**WORK REQUEST**
Whenever an image turns up, omit it and return the remaining data exactly.

Short web captions
* * * * * * * * *

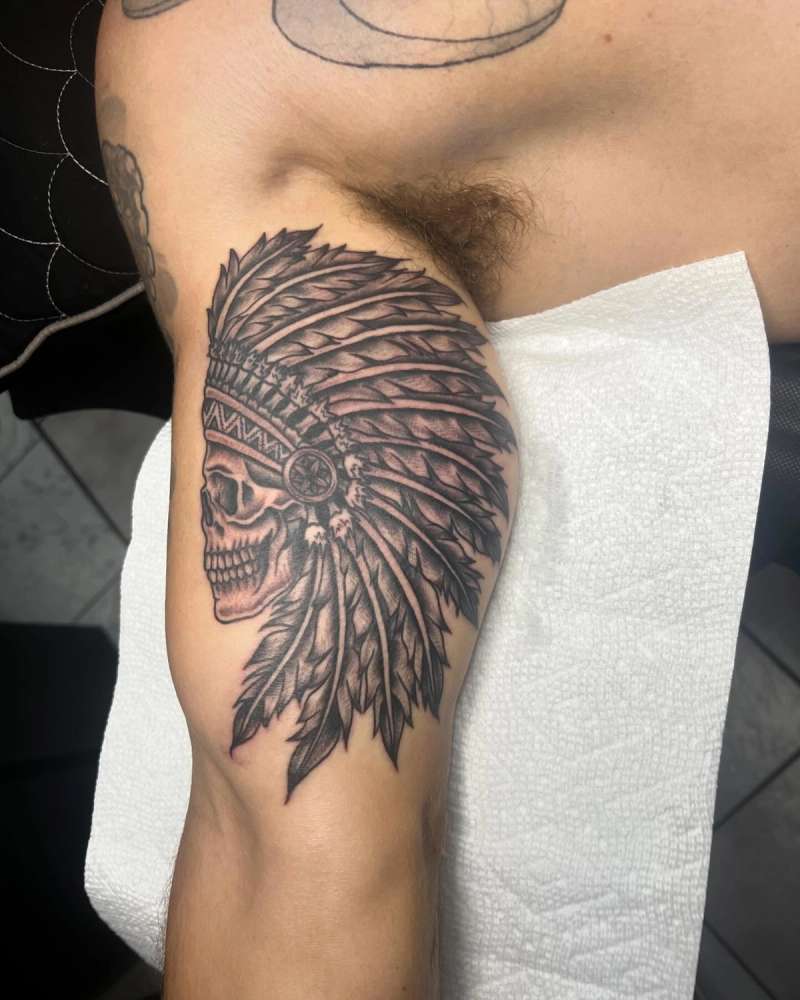 Black and grey illustrative skull with headdress on upper arm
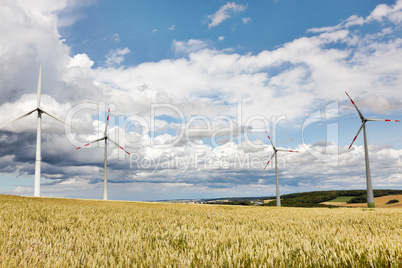 Wheatfield with windmills
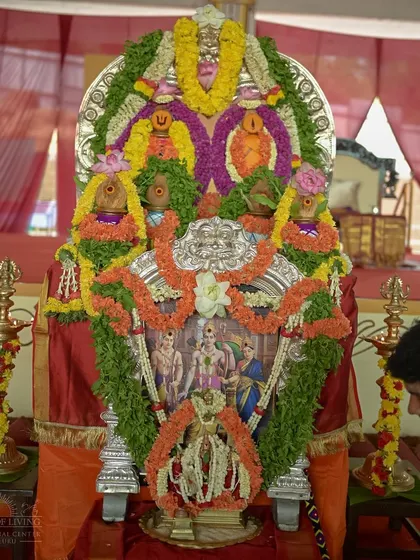 The main altar for the Ram Tarak Homa, with a picture of Lord Rama, Sita, and Lakshmana. The entire setup is designed to invoke their divine presence.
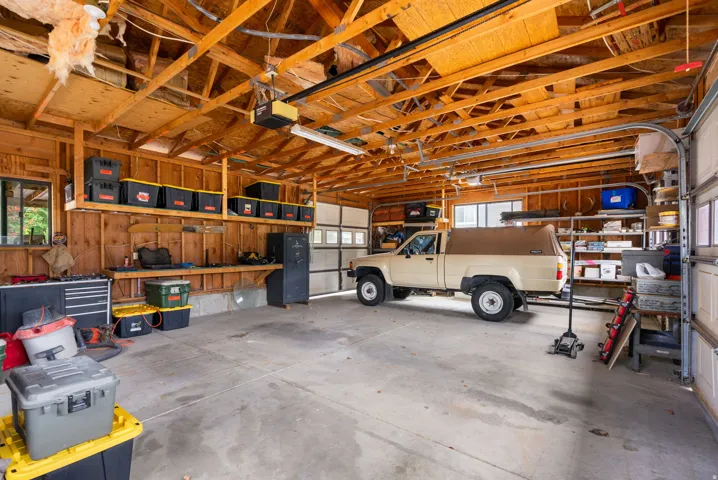 Spacious garage featuring concrete flooring, exposed wood beam ceiling, two overhead garage doors, built-in shelving, and a workbench area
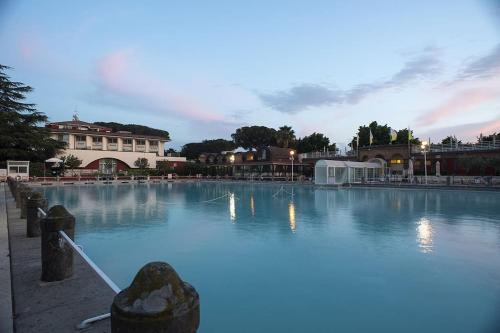 een groot zwembad met een gebouw op de achtergrond bij Le Magnolie Villa esclusiva vicino Roma e il lago in Nepi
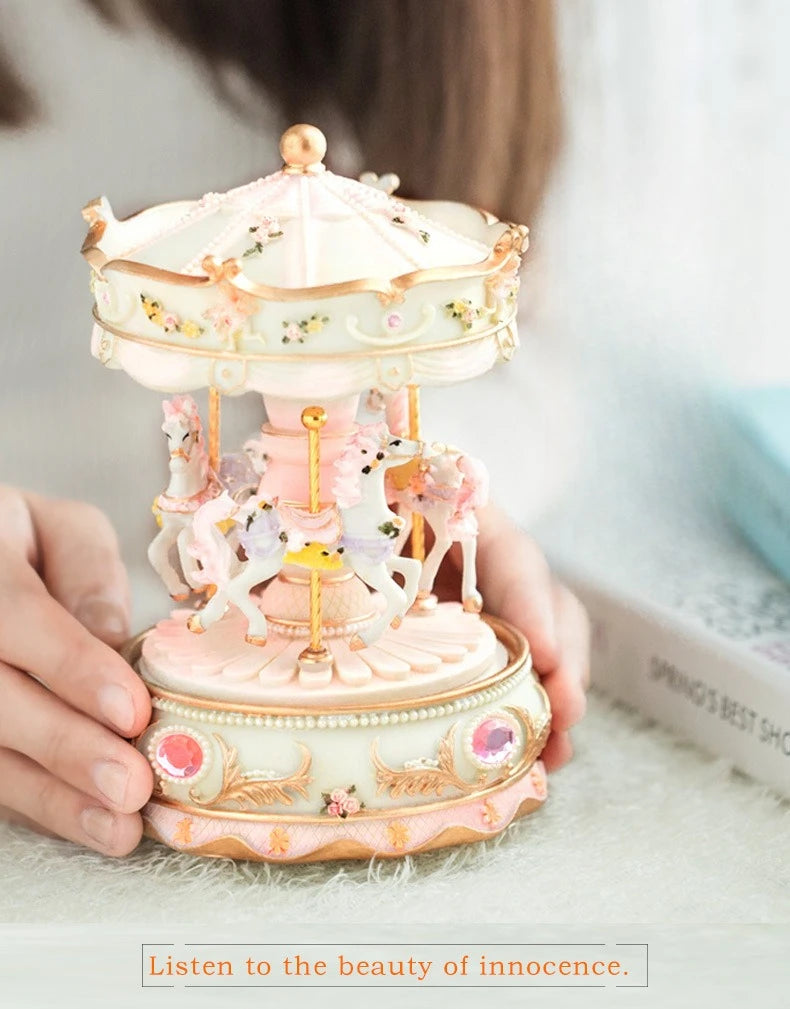 A delicate pink and white resin carousel music box with horses and floral accents being held by a person.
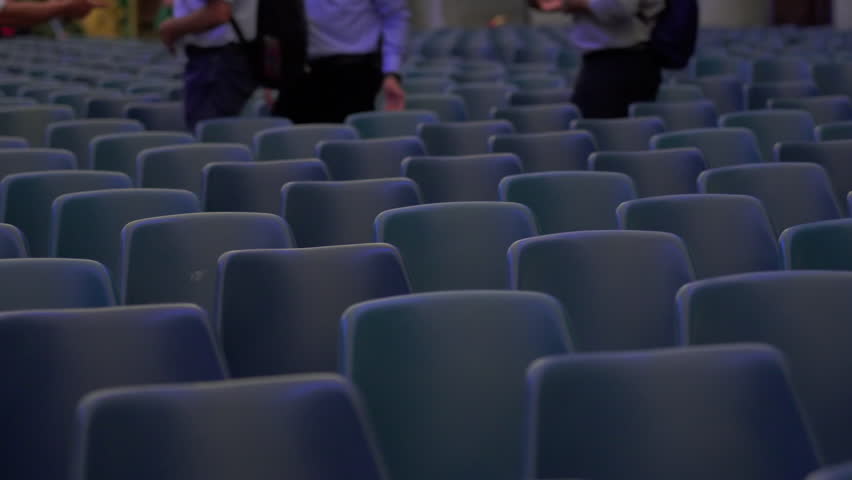 Wide view of numerous empty blue chairs arranged in symmetrical rows inside spacious hall ready for audience or large scale event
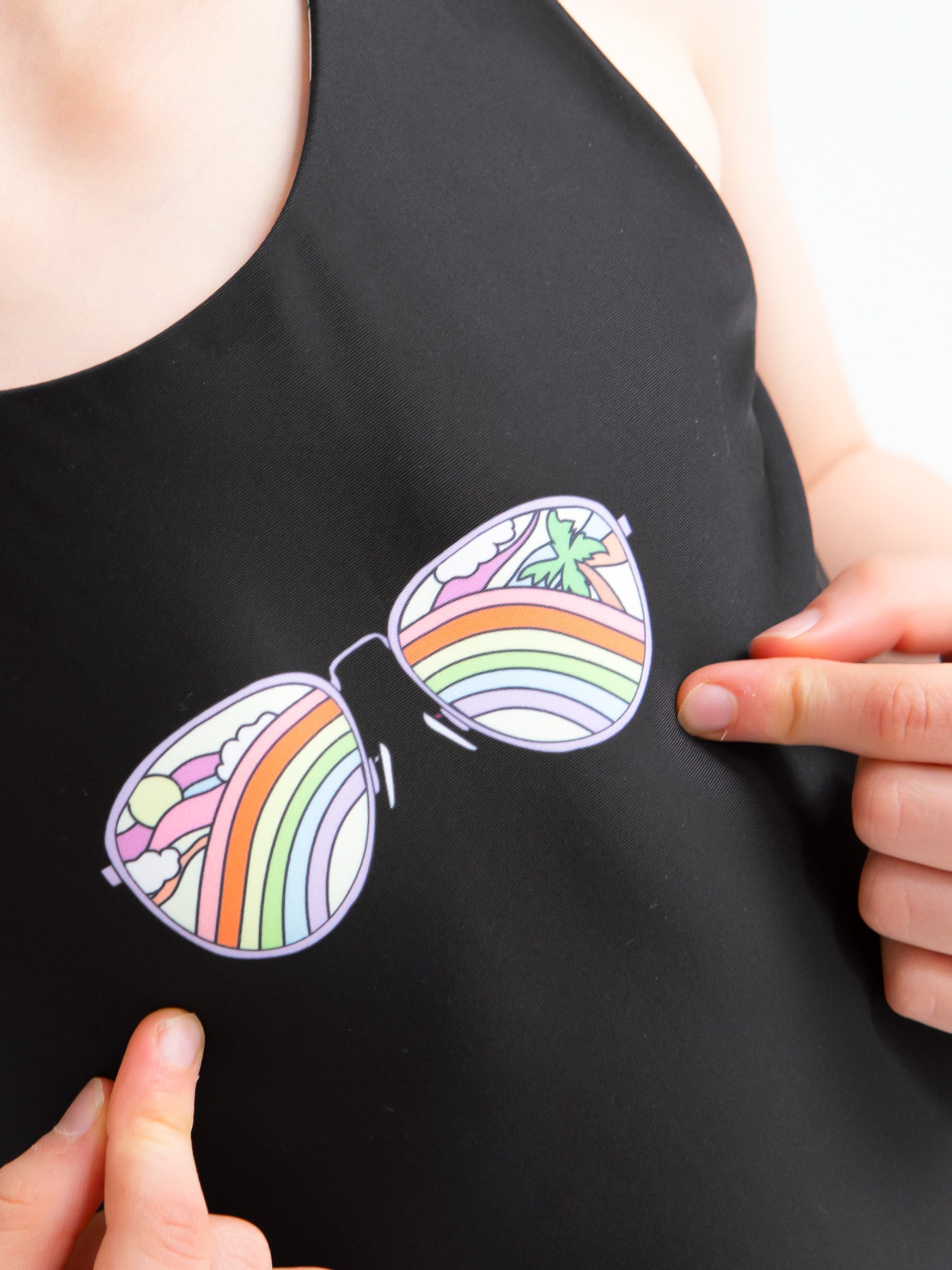 Rebel reversible one-piece swimsuit featuring a black side with sunglasses print and a colorful rainbow stripe side, designed for girls and tweens.
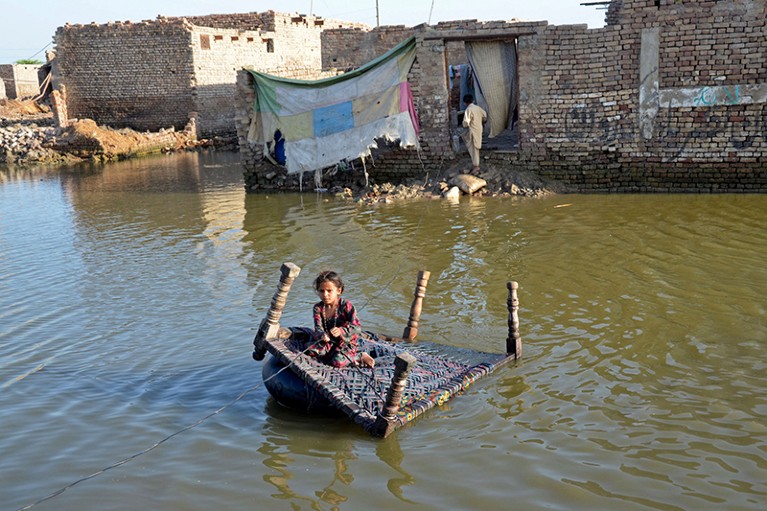 A girl sits on a cot while pulling a rope to cross a flooded street at Sohbatpur, Jaffarabad district, Balochistan, Pakistan.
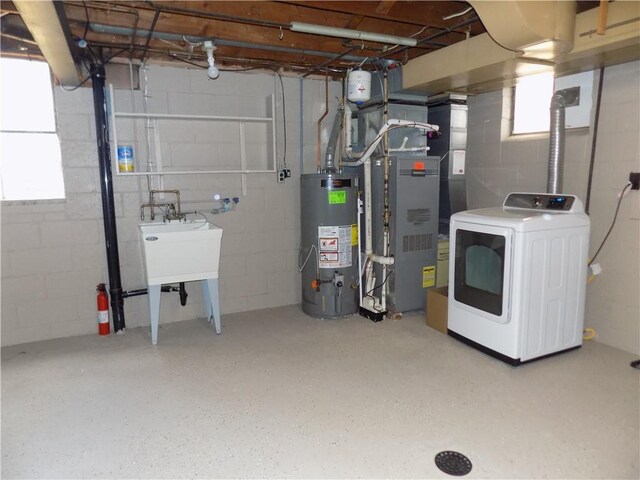 laundry room featuring washer / clothes dryer and water heater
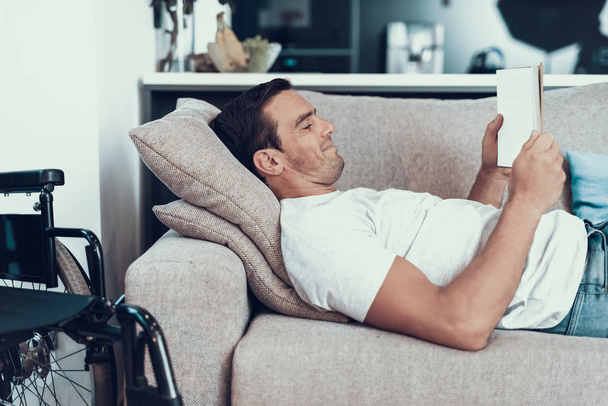 Man Lying on Couch with Tablet near Wheelchair. Cheerful Handsome Young Smiling Disabled Person Relaxing on Comfortable Bright Couch in Modern Apartmentand Surfing in Internet - Φωτογραφία, εικόνα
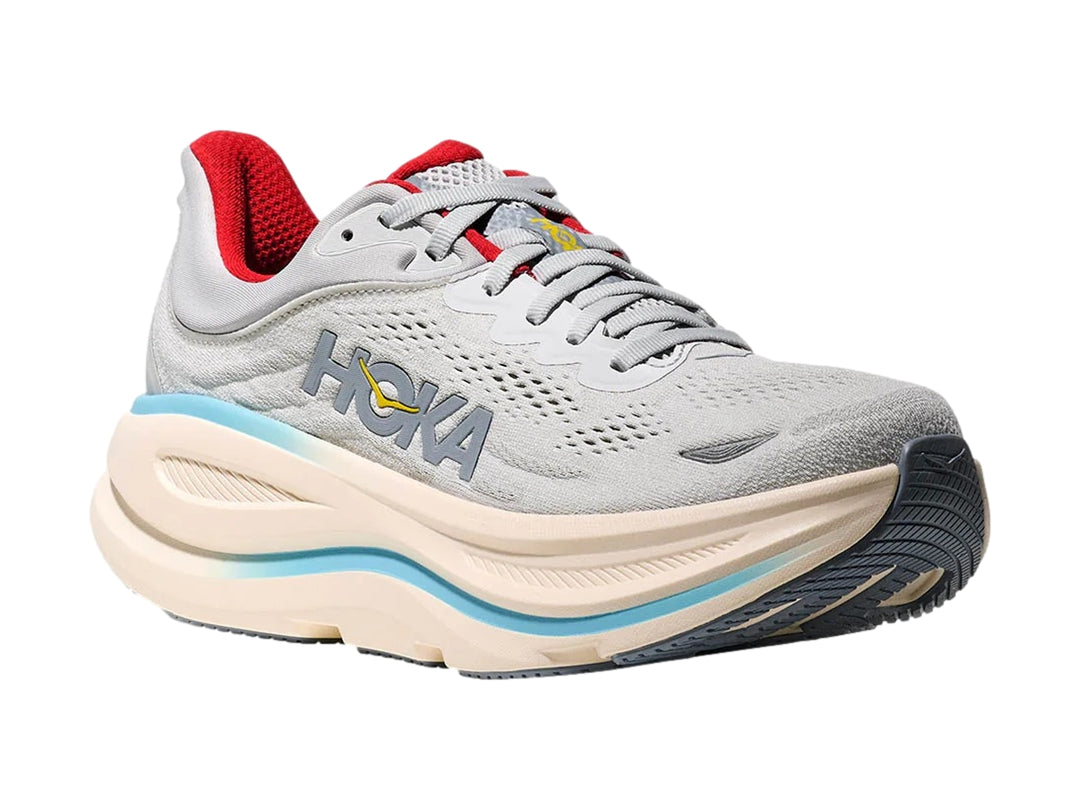 Tenis deportivos HOKA Bondi 9 en color gris con suela beige, detalles en azul claro y forro interior rojo.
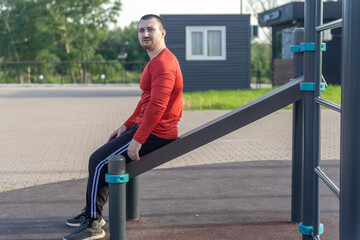 Man does sit-ups on a bench at an outdoor gym. Red shirt, black pants, showcasing a workout routine for healthy lifestyle. Blue sky background at a park.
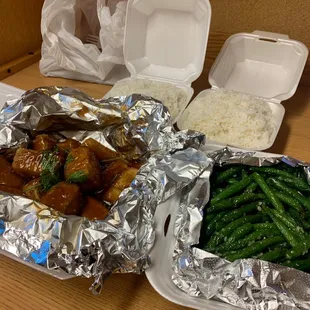 a tray of food and a container of rice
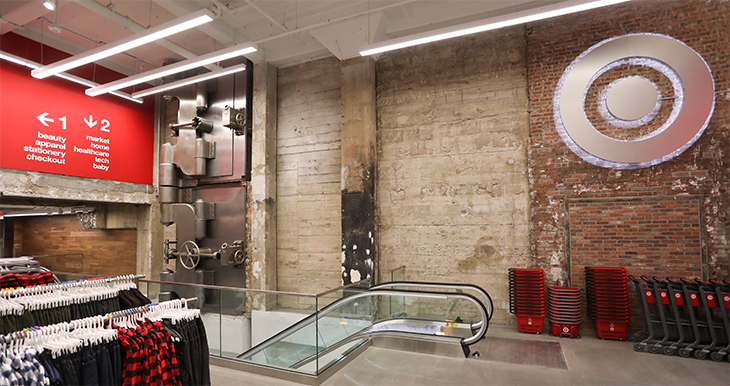 The entry of a Target store with a brick wall, escalator, red signs, baskets and apparel racks.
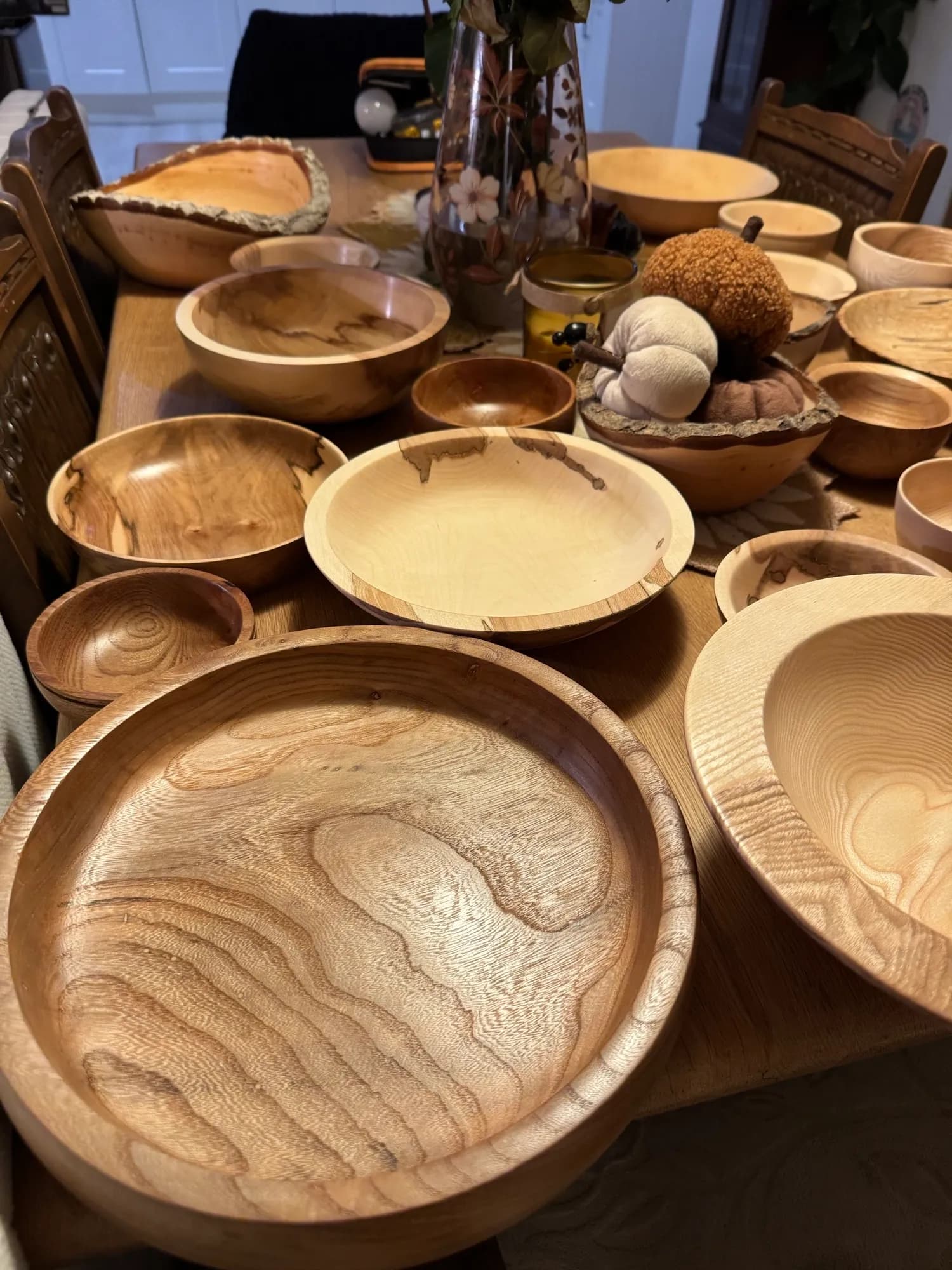 A table full of wooden bowls and carved items, including a centerpiece of decorative pumpkins and a vase with flowers.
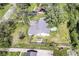 Aerial view of the home showcasing the large, private backyard and shed at 475 Golf Ln, Indianapolis, IN 46260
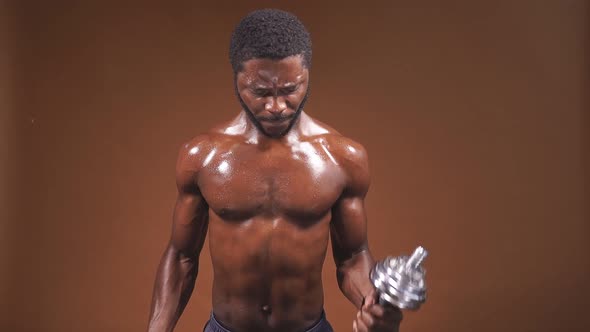 An AfricanAmerican Man Lifts Dumbbells on an Isolated Background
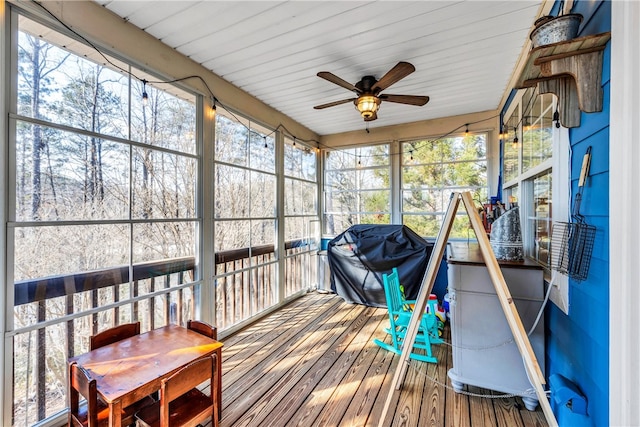 sunroom / solarium with a healthy amount of sunlight and ceiling fan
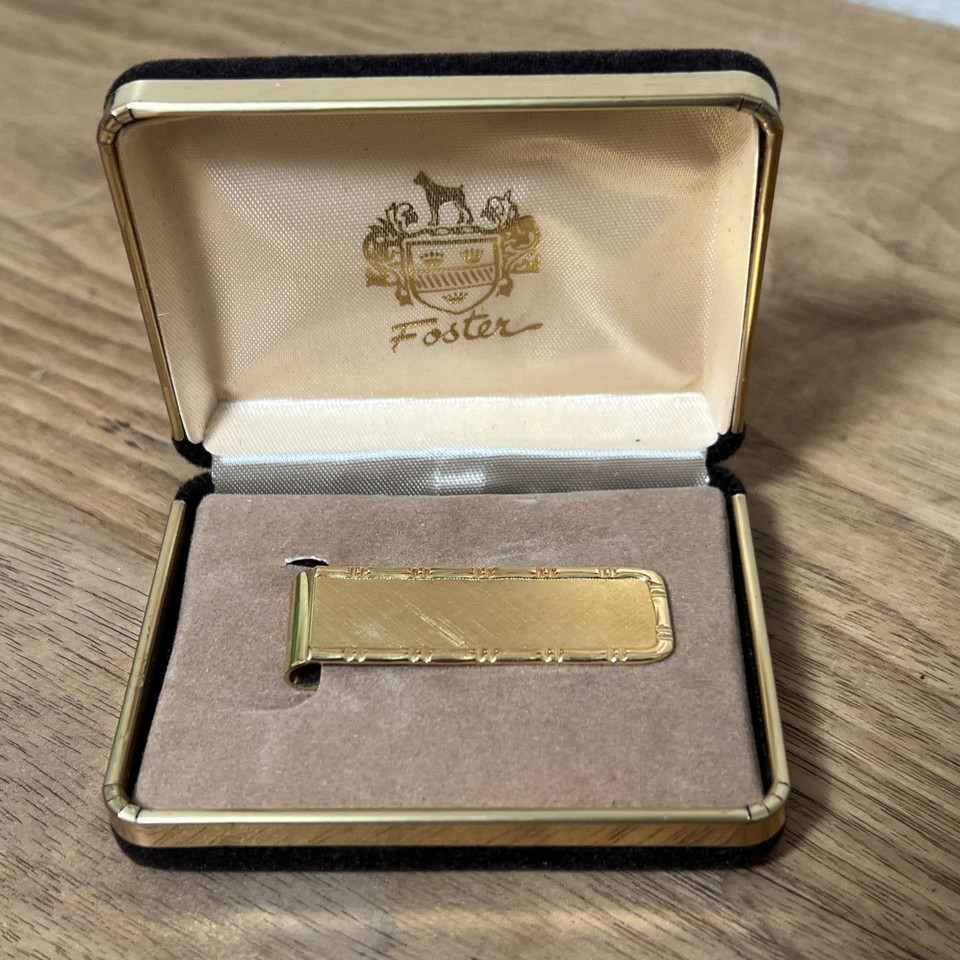 A sleek mid-century gold-tone money clip from Foster, still in its original box — the kind of understated gentleman's accessory that feels like it came from a 1960s haberdashery.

* * * * * * * * *

**RESPONSE**
 Black and grey illustrative skull with headdress on upper arm
 Wheatfield with windmills
 The main altar for the Ram Tarak Homa, with a picture of Lord Rama, Sita, and Lakshmana. The entire setup is designed to invoke their divine presence.
 Spacious garage featuring concrete flooring, exposed wood beam ceiling, two overhead garage doors, built-in shelving, and a workbench area
 een groot zwembad met een gebouw op de achtergrond bij Le Magnolie Villa esclusiva vicino Roma e il lago in Nepi
 A delicate pink and white resin carousel music box with horses and floral accents being held by a person.
 Wide view of numerous empty blue chairs arranged in symmetrical rows inside spacious hall ready for audience or large scale event
 Rebel reversible one-piece swimsuit featuring a black side with sunglasses print and a colorful rainbow stripe side, designed for girls and tweens.
 A girl sits on a cot while pulling a rope to cross a flooded street at Sohbatpur, Jaffarabad district, Balochistan, Pakistan.
 laundry room featuring washer / clothes dryer and water heater
 Man Lying on Couch with Tablet near Wheelchair. Cheerful Handsome Young Smiling Disabled Person Relaxing on Comfortable Bright Couch in Modern Apartmentand Surfing in Internet - Φωτογραφία, εικόνα
 Tenis deportivos HOKA Bondi 9 en color gris con suela beige, detalles en azul claro y forro interior rojo.
 Man does sit-ups on a bench at an outdoor gym. Red shirt, black pants, showcasing a workout routine for healthy lifestyle. Blue sky background at a park.
 a tray of food and a container of rice
 The entry of a Target store with a brick wall, escalator, red signs, baskets and apparel racks.
 A table full of wooden bowls and carved items, including a centerpiece of decorative pumpkins and a vase with flowers.
 Aerial view of the home showcasing the large, private backyard and shed at 475 Golf Ln, Indianapolis, IN 46260
 An AfricanAmerican Man Lifts Dumbbells on an Isolated Background
 sunroom / solarium with a healthy amount of sunlight and ceiling fan
 A sleek mid-century gold-tone money clip from Foster, still in its original box — the kind of understated gentleman's accessory that feels like it came from a 1960s haberdashery.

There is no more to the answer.